Thaksin, who was ousted in a coup in 2006, was escorted from a small private jet at Phnom Penh International Airport into the capital by a convoy of cars under tight security, an AFP reporter said.

Thaksin's visit to Cambodia last month to take up a government economic advisory role caused a diplomatic row when Cambodian premier Hun Sen refused to extradite the tycoon to Thailand to serve a two-year jail term for corruption.

Thai government spokesman Panitan Wattanayakorn said Sunday Bangkok would submit a new extradition request.

"The Thai government will follow the same procedure as last time. When people wanted for crimes in this country travel to a neighbouring country we will ask them to detain and request an extradition," Panitan told reporters.

But Cambodian foreign ministry spokesman Koy Kuong told AFP that sending a further request "is just a waste of time".

"Cambodia's position on the issue will not change. We will not extradite or arrest Thaksin," he said. After his arrival, Thaksin went to Prey Sar prison for a brief visit with a Thai man jailed for spying on him last month.

Siwarak Chothipong, 31, is due to be released on Monday after Cambodian King Norodom Sihamoni issued a pardon.

Thaksin is expected to attend an official ceremony following Siwarak's release to be held at Hun Sen's home along with members of Thailand's opposition party and Siwarak's mother.

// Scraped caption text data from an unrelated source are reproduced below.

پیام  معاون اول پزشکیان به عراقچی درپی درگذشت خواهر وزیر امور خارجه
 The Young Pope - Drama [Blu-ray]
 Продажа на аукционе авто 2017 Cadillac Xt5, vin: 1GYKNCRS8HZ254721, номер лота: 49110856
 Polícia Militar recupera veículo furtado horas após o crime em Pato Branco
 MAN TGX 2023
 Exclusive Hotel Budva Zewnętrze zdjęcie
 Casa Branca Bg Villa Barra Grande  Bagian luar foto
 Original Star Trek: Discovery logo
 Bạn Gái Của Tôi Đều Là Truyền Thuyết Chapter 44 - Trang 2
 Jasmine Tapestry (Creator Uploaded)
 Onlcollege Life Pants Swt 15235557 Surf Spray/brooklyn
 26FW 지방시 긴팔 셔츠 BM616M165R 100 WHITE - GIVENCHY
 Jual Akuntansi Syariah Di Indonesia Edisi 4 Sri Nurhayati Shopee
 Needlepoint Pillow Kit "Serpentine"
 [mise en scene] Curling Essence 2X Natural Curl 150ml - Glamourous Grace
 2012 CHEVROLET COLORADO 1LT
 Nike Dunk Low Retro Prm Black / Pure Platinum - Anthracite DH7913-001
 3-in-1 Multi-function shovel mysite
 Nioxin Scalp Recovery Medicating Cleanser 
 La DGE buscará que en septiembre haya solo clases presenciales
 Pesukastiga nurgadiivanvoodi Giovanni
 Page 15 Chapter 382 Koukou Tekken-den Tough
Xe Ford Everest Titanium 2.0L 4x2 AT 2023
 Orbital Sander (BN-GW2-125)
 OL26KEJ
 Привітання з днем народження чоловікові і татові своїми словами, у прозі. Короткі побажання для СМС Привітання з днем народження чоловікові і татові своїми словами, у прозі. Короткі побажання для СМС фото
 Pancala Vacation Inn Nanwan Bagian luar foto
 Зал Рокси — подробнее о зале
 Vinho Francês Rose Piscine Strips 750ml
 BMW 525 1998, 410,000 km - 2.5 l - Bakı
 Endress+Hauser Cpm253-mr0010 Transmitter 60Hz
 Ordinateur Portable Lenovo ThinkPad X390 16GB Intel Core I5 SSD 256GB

Siwarak's mother was seen smiling outside the prison on Sunday after the meeting with Thaksin.

The air traffic control employee was sentenced to seven years in jail for supplying Thaksin's flight schedule to the Thai embassy. During his trial last week, Siwarak denied stealing documents and told the court that although he had informed the embassy's first secretary by telephone of a flight arrival, he had not been aware that Thaksin was on board.

As a result of the case Cambodia expelled the first secretary to the Thai embassy and Thailand retaliated in kind. Both countries had earlier withdrawn their ambassadors in the dispute over Thaksin's appointment as economic adviser.

Angered by Thaksin's presence in Cambodia, Thailand also put all talks and cooperation on hold and tore up an oil and gas exploration deal signed during Thaksin's tenure as prime minister.

Tensions were already high between the two countries following a series of deadly military clashes over disputed territory near the 11th century Preah Vihear temple on their border.

Billionaire telecoms mogul Thaksin is living abroad, mostly in Dubai, to avoid a two-year jail term for abuse of power handed down by a Thai court in absentia in September 2008.

Thaksin won two elections in Thailand and remains a massively influential political figure at home, stirring up mass protests by so-called "Red Shirt" supporters against the current government.